What difference did any of it make? Jane Austen had been dead for almost two
hundred years. Still, the undisputed icon of witty English romance had kissed
him whether she loved him or not. He still had to pinch himself to believe it
had ever happened.
He had no such
questions about Eliza. Everything felt right when he was with her. This was no
fling. He had no idea where they were headed, but for the first time in years
he was looking forward to the rest of his life. As long as Eliza was with him
he didn’t care where they were headed.
Fitz and Lord
Nelson crossed the bridge at a leisurely gait; the ground fog was burning off
in the warm morning sun. Had it really been only two days since he and the
great stallion were galloping across the bridge before the fog had lifted and
run Eliza off the road and into a muddy drainage ditch? He hadn’t even realized
she was there until it had happened. When he did, he brought Nelson to a stop
and, without questioning who she was or why she was walking along a road on his
property, he had lifted her onto Lord Nelson’s back and then swung up behind
her. She was slightly light headed from the sudden fall, and once on the horse
she had leaned against his chest and he’d had to control a strong desire to
kiss the top of her head. He still didn’t understand how a complete stranger
could make him feel that way, but he didn’t really care. From the first moment,
being with her felt right and wonderful and that was all that mattered.
She had touched
something in him that no one else ever had, including Jane, even before he knew
her. At the Austen exhibit at the New York Public Library he had found himself
staring at her. He laughed remembering that he had thought of her as a
raven-haired beauty.

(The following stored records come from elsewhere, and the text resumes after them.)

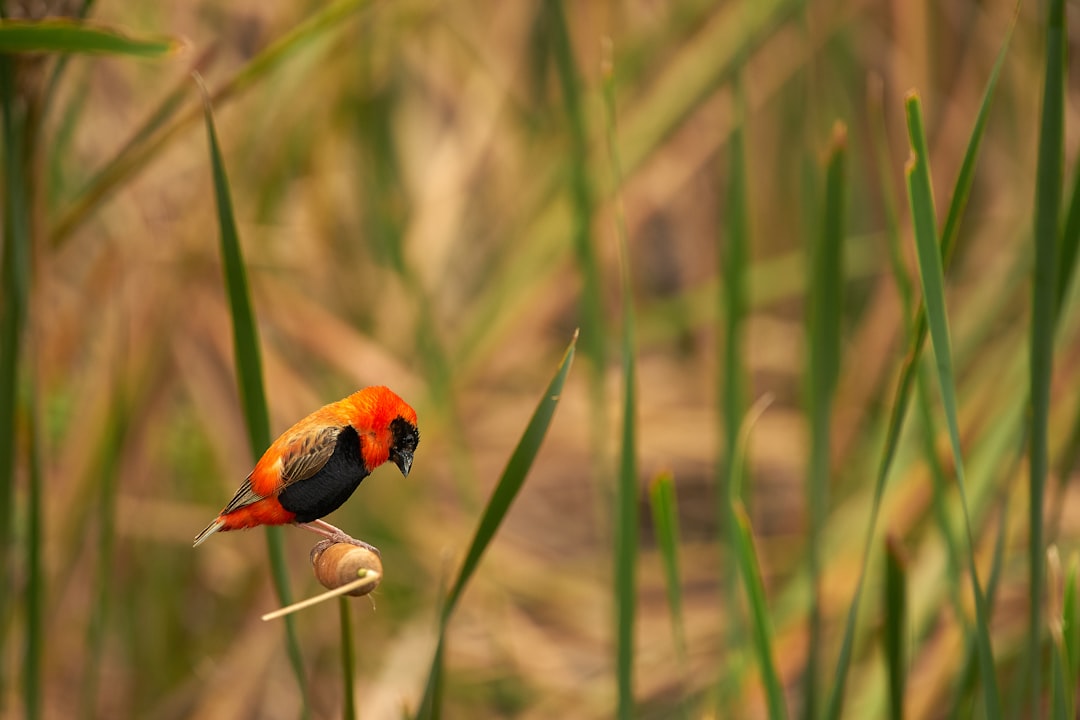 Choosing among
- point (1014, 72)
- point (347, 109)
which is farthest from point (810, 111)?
point (347, 109)

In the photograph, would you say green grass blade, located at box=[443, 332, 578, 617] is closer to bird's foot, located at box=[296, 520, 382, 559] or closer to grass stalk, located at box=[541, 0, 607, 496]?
bird's foot, located at box=[296, 520, 382, 559]

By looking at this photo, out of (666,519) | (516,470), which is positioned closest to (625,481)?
(666,519)

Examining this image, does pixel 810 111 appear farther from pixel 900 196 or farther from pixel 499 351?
pixel 900 196

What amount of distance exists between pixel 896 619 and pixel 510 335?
0.83 m

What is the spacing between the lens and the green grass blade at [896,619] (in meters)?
0.38

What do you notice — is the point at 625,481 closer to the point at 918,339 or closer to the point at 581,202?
the point at 918,339

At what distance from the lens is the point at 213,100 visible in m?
0.43

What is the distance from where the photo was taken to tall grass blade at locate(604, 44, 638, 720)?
36 cm

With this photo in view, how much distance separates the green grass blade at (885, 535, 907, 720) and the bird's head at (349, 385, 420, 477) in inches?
9.1

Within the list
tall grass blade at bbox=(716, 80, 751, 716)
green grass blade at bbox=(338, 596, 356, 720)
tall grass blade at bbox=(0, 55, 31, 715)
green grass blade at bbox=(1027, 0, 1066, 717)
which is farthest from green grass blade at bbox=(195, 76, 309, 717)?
tall grass blade at bbox=(716, 80, 751, 716)

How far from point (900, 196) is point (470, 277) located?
0.64 metres

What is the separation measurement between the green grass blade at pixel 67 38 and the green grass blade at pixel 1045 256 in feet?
0.91

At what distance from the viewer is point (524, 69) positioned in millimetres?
1384

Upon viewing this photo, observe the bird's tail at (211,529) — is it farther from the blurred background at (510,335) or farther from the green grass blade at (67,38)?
the blurred background at (510,335) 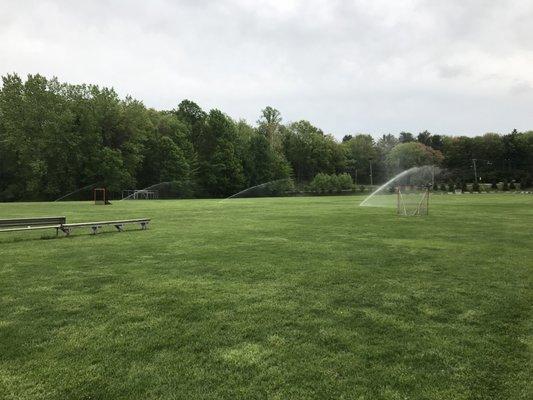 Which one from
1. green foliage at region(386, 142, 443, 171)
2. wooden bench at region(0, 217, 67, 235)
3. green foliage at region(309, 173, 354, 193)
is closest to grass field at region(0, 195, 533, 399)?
wooden bench at region(0, 217, 67, 235)

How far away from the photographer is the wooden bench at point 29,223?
13.3 metres

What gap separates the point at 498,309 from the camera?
6.40 m

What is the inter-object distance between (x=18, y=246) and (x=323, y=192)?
73.8m

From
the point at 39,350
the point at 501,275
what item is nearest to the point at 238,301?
the point at 39,350

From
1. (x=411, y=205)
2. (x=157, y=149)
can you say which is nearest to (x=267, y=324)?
(x=411, y=205)

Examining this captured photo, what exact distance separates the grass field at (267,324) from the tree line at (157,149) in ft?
183

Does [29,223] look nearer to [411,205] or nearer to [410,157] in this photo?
[411,205]

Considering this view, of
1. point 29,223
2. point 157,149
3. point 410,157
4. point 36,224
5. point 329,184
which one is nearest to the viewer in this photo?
point 29,223

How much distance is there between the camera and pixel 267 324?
5773mm

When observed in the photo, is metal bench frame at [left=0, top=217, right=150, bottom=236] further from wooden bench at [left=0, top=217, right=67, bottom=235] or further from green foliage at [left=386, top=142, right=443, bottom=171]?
green foliage at [left=386, top=142, right=443, bottom=171]

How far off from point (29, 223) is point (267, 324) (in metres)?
10.9

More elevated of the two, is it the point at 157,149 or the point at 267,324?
the point at 157,149

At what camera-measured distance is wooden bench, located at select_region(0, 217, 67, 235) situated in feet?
43.7

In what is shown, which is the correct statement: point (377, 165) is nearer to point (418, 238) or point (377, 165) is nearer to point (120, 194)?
point (120, 194) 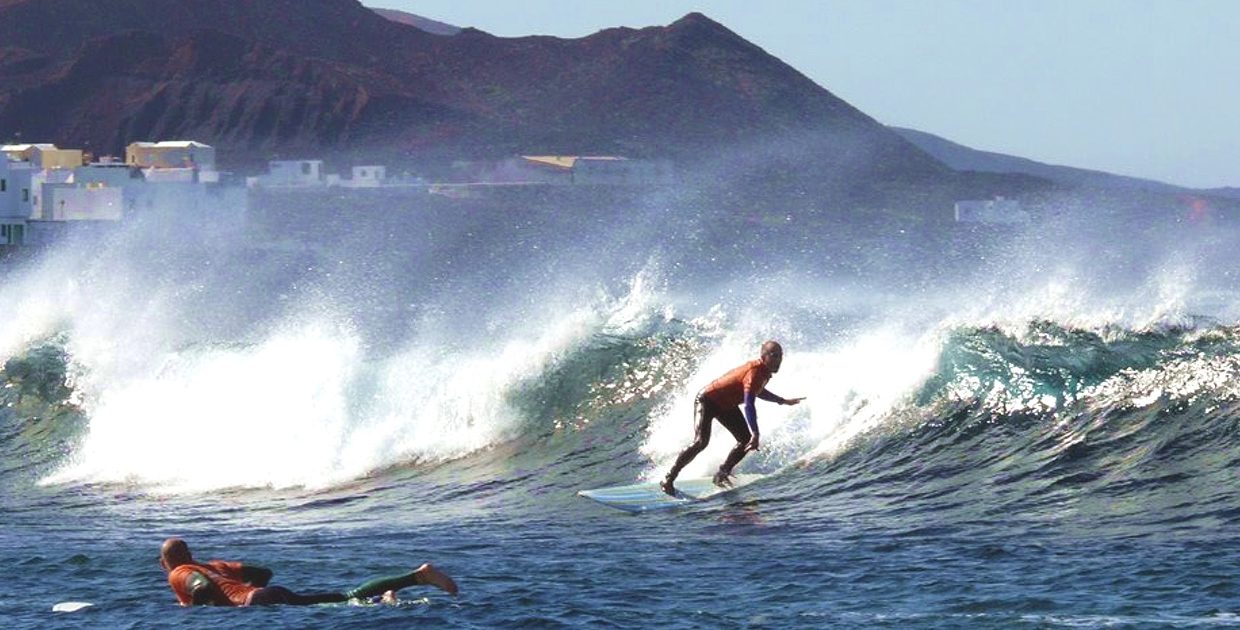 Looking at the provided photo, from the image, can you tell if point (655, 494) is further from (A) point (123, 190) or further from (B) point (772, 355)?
(A) point (123, 190)

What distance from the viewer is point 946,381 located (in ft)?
69.6

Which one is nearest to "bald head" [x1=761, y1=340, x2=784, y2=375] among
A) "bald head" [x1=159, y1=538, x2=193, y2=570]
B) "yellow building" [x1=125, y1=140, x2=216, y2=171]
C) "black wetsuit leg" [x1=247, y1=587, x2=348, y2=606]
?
"black wetsuit leg" [x1=247, y1=587, x2=348, y2=606]

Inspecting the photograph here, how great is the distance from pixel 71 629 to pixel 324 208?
16024 cm

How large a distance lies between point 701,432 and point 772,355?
1028 mm

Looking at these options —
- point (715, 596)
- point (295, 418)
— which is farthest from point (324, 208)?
point (715, 596)

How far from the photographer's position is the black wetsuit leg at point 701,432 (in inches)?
728

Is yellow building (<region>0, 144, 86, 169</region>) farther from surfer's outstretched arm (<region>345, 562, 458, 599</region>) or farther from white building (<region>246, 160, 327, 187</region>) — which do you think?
surfer's outstretched arm (<region>345, 562, 458, 599</region>)

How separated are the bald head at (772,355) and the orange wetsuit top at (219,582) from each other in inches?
227

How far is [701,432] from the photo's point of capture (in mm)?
18594

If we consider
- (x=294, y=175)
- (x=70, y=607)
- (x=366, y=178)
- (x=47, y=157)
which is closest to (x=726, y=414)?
(x=70, y=607)

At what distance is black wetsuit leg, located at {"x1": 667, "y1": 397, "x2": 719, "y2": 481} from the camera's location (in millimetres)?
18484

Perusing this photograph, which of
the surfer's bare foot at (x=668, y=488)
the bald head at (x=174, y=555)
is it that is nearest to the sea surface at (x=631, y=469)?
the bald head at (x=174, y=555)

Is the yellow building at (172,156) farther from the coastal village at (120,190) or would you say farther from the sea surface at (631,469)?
the sea surface at (631,469)

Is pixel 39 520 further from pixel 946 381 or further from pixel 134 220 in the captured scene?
pixel 134 220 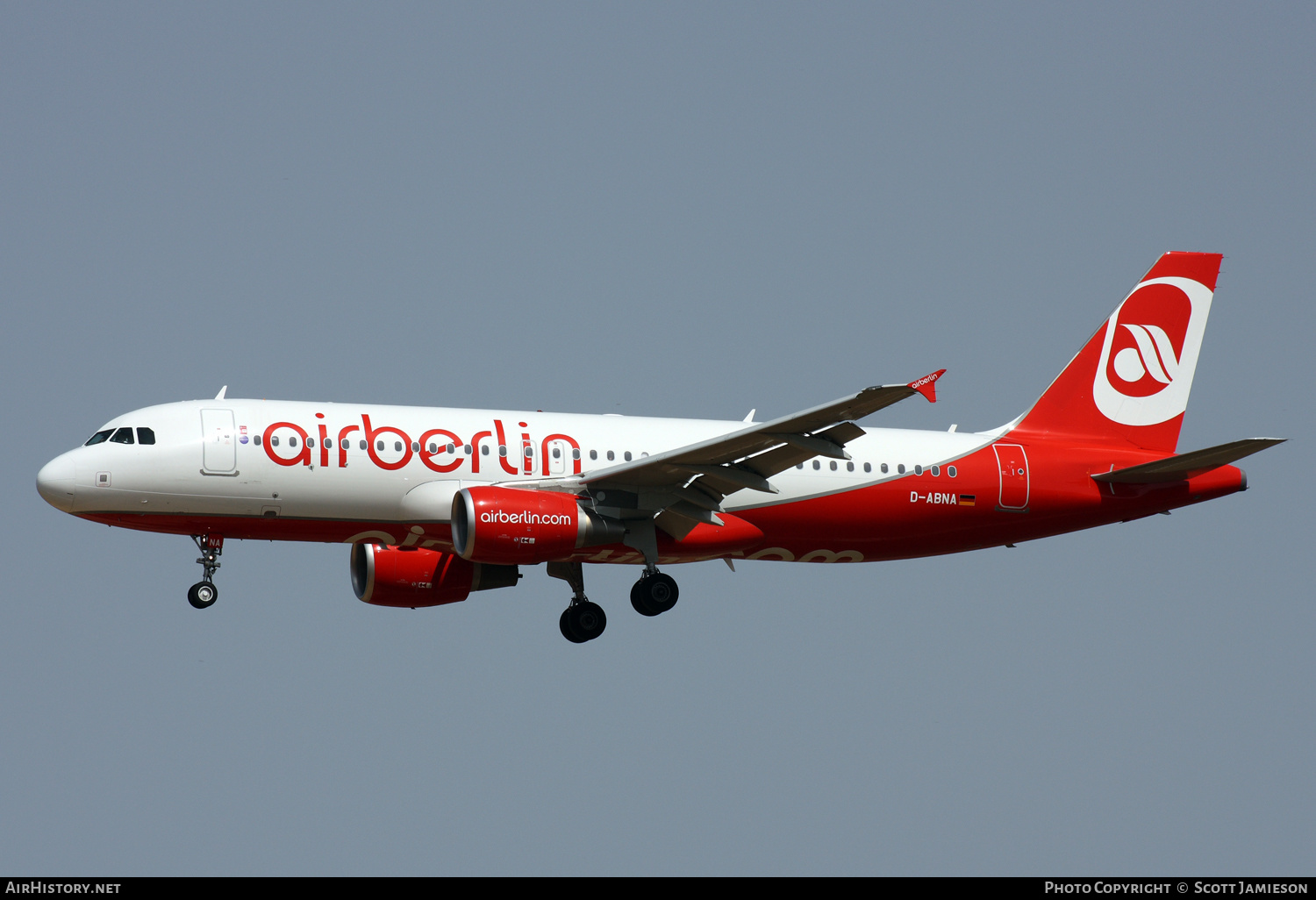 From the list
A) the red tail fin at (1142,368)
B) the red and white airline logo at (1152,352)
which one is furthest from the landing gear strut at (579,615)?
the red and white airline logo at (1152,352)

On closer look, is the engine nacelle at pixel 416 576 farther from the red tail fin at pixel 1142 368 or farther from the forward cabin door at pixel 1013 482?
the red tail fin at pixel 1142 368

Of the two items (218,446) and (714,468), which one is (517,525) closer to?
(714,468)

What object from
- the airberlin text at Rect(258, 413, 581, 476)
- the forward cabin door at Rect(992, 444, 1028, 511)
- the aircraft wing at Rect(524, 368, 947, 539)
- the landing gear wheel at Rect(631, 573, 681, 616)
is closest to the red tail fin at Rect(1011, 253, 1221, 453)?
the forward cabin door at Rect(992, 444, 1028, 511)

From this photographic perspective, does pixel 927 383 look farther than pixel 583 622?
No

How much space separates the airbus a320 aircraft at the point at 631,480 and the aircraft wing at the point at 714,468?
5 cm

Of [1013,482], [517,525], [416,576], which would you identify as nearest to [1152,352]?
[1013,482]

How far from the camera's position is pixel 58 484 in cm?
3017

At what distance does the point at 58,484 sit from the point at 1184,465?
22250 mm

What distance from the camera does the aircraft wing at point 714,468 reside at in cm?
2888

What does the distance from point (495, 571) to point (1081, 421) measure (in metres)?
13.4

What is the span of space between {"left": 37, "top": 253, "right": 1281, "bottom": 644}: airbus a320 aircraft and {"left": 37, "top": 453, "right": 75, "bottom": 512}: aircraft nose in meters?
0.04

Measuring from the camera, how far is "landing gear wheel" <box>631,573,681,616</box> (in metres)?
32.4

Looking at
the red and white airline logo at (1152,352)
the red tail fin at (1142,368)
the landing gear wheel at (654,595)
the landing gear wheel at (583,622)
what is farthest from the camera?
the red and white airline logo at (1152,352)

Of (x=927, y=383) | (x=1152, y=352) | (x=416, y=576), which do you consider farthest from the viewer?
(x=1152, y=352) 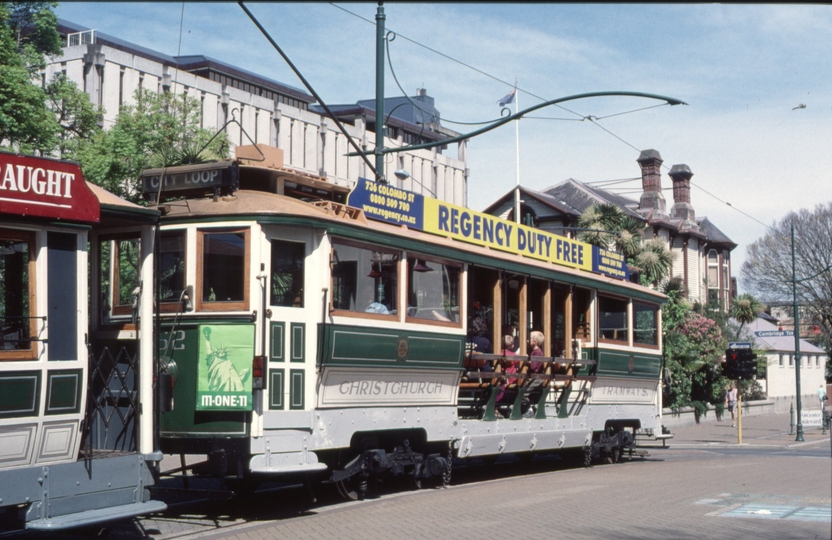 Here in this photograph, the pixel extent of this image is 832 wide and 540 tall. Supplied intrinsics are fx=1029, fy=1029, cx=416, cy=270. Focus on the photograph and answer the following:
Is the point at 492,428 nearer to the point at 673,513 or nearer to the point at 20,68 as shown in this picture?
the point at 673,513

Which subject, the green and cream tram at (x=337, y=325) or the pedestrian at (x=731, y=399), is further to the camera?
the pedestrian at (x=731, y=399)

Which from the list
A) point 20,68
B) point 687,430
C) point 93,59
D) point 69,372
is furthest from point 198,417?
point 93,59

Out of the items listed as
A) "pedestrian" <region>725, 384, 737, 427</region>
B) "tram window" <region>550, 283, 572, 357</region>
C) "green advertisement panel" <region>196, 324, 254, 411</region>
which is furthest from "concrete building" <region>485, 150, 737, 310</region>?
"green advertisement panel" <region>196, 324, 254, 411</region>

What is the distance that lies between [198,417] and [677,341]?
3121 cm

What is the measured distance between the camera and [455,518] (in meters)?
10.6

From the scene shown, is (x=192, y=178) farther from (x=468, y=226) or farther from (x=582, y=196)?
(x=582, y=196)

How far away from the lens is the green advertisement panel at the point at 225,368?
33.8 feet

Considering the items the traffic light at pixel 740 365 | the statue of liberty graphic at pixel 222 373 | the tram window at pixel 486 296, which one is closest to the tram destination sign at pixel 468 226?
the tram window at pixel 486 296

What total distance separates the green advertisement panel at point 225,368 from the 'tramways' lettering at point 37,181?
7.97 ft

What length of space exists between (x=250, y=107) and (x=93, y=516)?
49.1m

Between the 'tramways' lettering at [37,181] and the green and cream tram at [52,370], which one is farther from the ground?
the 'tramways' lettering at [37,181]

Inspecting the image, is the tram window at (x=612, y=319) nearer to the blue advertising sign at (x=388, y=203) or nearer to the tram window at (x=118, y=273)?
the blue advertising sign at (x=388, y=203)

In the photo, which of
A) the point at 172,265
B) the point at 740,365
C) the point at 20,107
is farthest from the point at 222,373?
the point at 740,365

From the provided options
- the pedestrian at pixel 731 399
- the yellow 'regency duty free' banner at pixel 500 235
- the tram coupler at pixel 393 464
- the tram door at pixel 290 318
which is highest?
the yellow 'regency duty free' banner at pixel 500 235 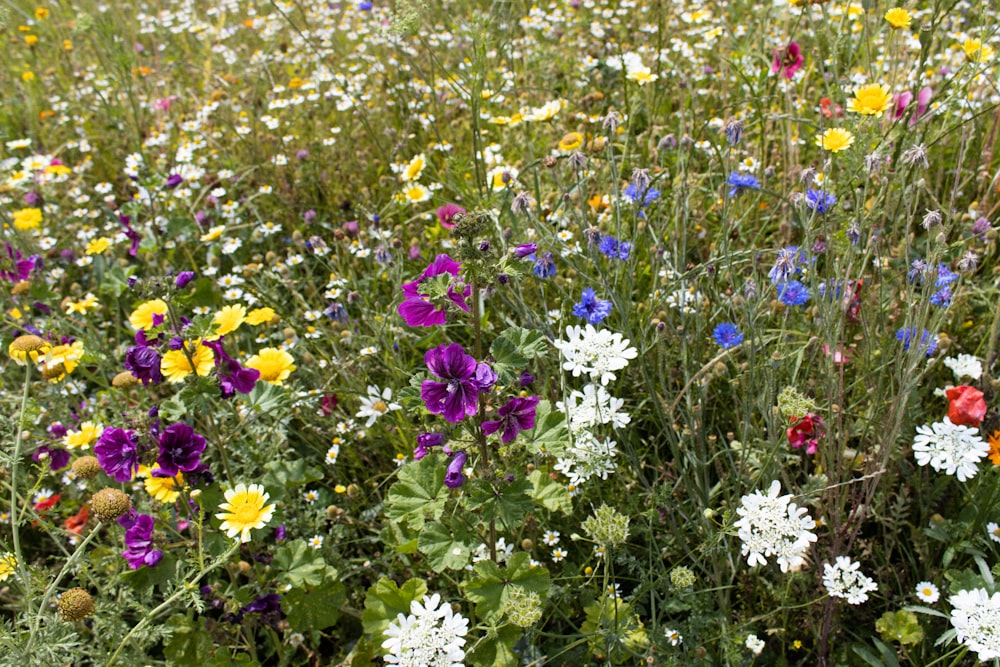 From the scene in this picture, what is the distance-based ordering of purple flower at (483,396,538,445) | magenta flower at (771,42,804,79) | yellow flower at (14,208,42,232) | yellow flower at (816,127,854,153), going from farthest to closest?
1. yellow flower at (14,208,42,232)
2. magenta flower at (771,42,804,79)
3. yellow flower at (816,127,854,153)
4. purple flower at (483,396,538,445)

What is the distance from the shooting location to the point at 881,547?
179 cm

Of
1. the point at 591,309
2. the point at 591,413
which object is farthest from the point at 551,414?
the point at 591,309

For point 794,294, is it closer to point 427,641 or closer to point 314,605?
point 427,641

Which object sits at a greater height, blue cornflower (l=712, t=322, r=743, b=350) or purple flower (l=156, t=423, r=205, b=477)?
blue cornflower (l=712, t=322, r=743, b=350)

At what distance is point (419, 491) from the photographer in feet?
4.77

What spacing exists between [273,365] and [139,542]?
52 centimetres

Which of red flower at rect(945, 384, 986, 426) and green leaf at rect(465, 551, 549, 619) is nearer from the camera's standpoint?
green leaf at rect(465, 551, 549, 619)

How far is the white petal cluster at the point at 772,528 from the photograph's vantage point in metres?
1.32

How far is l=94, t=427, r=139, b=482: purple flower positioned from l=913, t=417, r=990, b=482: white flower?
1665 mm

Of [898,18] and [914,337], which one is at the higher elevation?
[898,18]

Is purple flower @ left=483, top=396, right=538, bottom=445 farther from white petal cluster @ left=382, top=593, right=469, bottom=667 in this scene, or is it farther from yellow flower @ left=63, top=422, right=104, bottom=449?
yellow flower @ left=63, top=422, right=104, bottom=449

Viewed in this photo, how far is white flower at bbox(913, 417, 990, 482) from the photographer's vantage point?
1.46 m

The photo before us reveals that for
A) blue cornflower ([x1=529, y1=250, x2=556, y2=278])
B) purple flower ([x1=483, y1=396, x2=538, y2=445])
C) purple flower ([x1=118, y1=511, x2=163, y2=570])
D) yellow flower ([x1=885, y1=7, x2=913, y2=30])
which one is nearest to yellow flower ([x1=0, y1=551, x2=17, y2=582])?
purple flower ([x1=118, y1=511, x2=163, y2=570])

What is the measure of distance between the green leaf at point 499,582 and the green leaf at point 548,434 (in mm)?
205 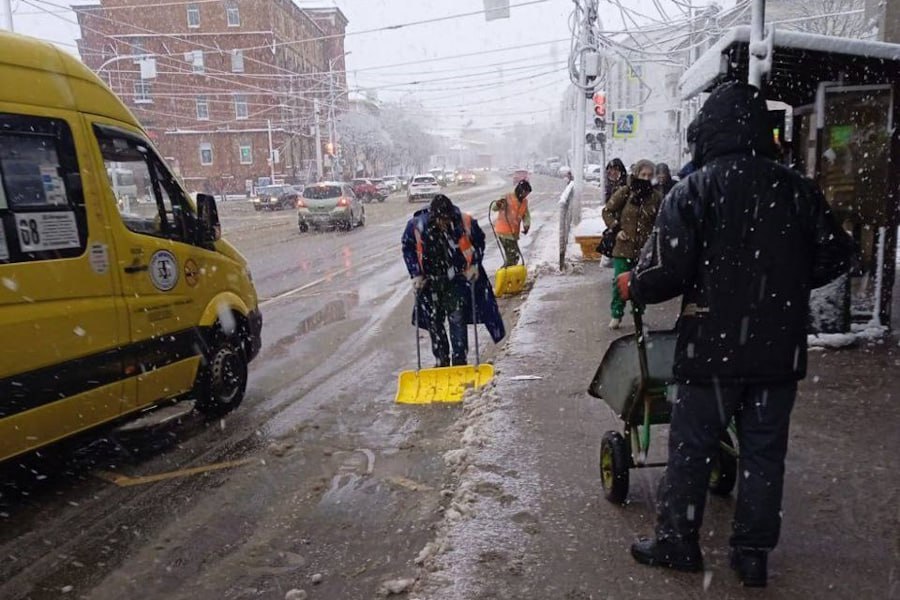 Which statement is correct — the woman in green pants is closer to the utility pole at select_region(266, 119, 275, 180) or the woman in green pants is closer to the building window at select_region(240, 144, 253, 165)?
the utility pole at select_region(266, 119, 275, 180)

Then two days ago she had come out of the fog and into his
life.
He had told her
his story about jumping through a rift in time and meeting Jane Austen. It had
been very difficult at first, but once he started it tumbled out and had been a
relief that he wasn’t carrying it around anymore. It was as though a weight had
been lifted and this slight, feisty New Yorker had done the lifting. She had
listened to him with an intensity that had made her a part of the story. She
had been kind and compassionate—he had seen real grief when she asked him about
leaving Jane—and she had given him the letter that answered his questions about
whether he’d actually met Jane Austen and how Jane felt about him.
Jane would
always hold a special place in his heart, but Eliza held his heart. Maybe it
was too early to take it all for love, but it certainly felt the way he'd
always thought love is supposed to feel.
Horse and rider
stepped out from the cool canopy of the woods and into the warm summer sun.
Spurring his favorite horse to a full gallop Fitz guided him over every fence
and stream on their way back to the barn.